It is urged that the proof made by appellee in regard to the extras was incompetent and improper and that he has failed to establish his case in that particular. This proof was made by appellee himself and by the witness Walters. The items for extras consisted of charges for labor and for various materials furnished. During his examination appellee testified as to each of these items. He .was asked, upon his examination in chief, whether the charge made for each particular item was fair and reasonable. This was objected to, on the ground that the inquiry ought to be as to whether the charge was the usual and customary one. The master in each instance sustained the objection but the answers were allowed to go in subject to the ruling. Upon cross-examination appellee testified that all the charges made for labor were the usual and ordinary charges, and, as to many of the items for material furnished, that the charges were the usual and ordinary charges at that timé for that material. Objection is further urged here that the questions asked of this witness on his direct examination were improper for the reason that they were leading and suggestive. That ground of objection was not stated at the time the questions were asked and objections made and was therefore waived. Upon examination of the witness Walters objections to questions along this same line were made upon the ground that they were leading and suggestive. Those objections were well founded. Appellant offered proof on the question of the value of the *500extras, and we are of the opinion that there is sufficient competent evidence in the record to support the finding of •the master allowing for extras furnished.

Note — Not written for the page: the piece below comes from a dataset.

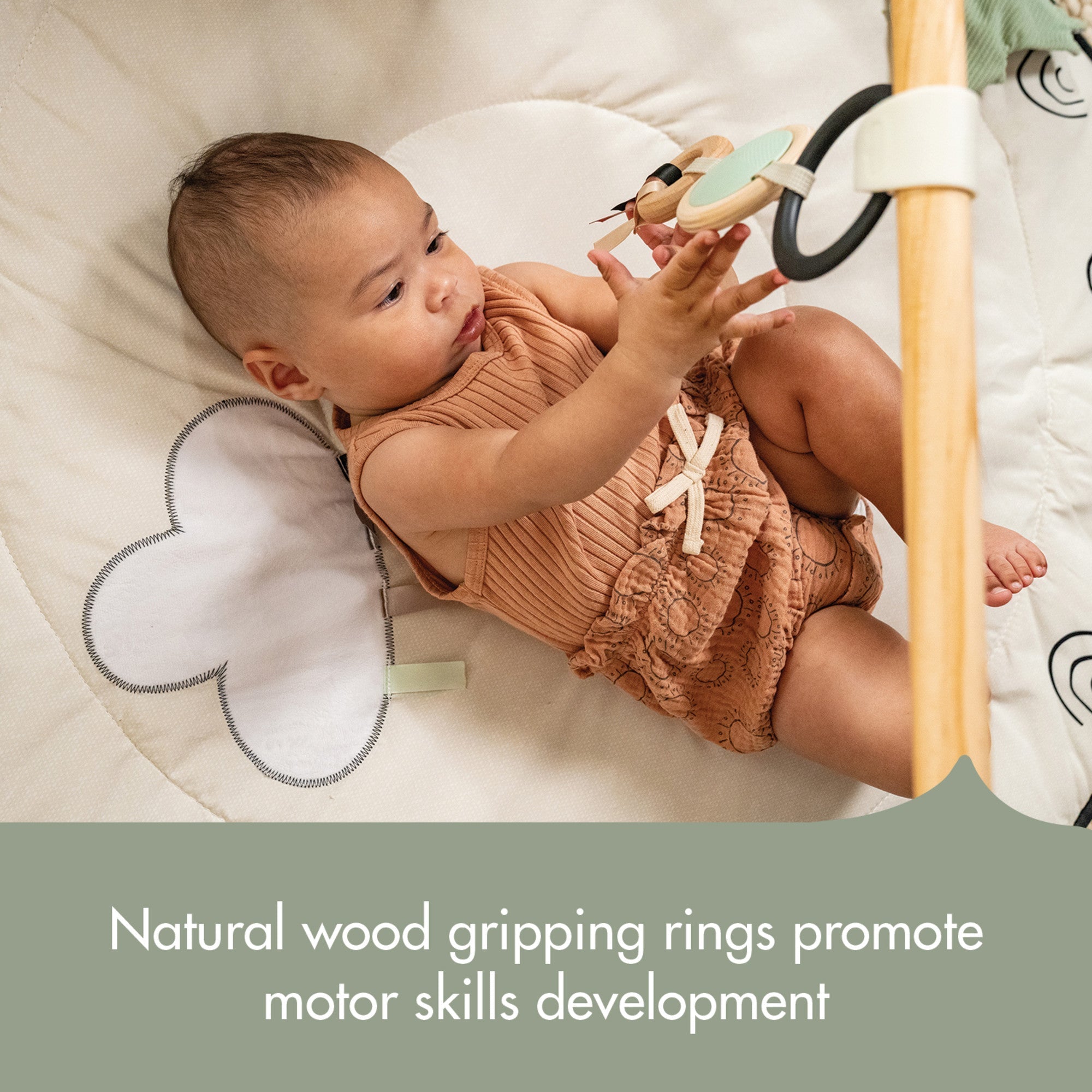 Tiny Love Black & White Gymini - Twinkle Twinkle Little One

Appellant urges that appellee did not comply with his contract in reference to heating the creamery, and for that reason this decree should be reversed. That contention has been answered by what we have already said in reference to the effect of the findings of the court in regard to matters in dispute. The court found against appellant as to both the terms of this special contract and as to its performance. There was a conflict'in the testimony on those points, but we do not feel warranted in holding that the finding of the decree was erroneous in that regard.

By its decree the court allowed appellee interest from the date of the filing of the report to the date of the decree upon the amount found due by the master, and appellant assigns this action of the court as error. Section 3 of chapter 74, Hurd’s Revised Statutes of 1908, which was in force at that time, provides that when any judgment is entered upon any award, report or verdict, interest shall be computed at the rate of five per cent per annum from the time such report is made or rendered to the time of rendering judgment upon the same, and made a part of the judgment. Under this section of the statute the court was authorized to compute interest at the rate of five per cent per annum from the date of the filing of the report of the special master to the date of the entering of the decree and to add the same to the amount found due by the master. There was no error in this action of the court.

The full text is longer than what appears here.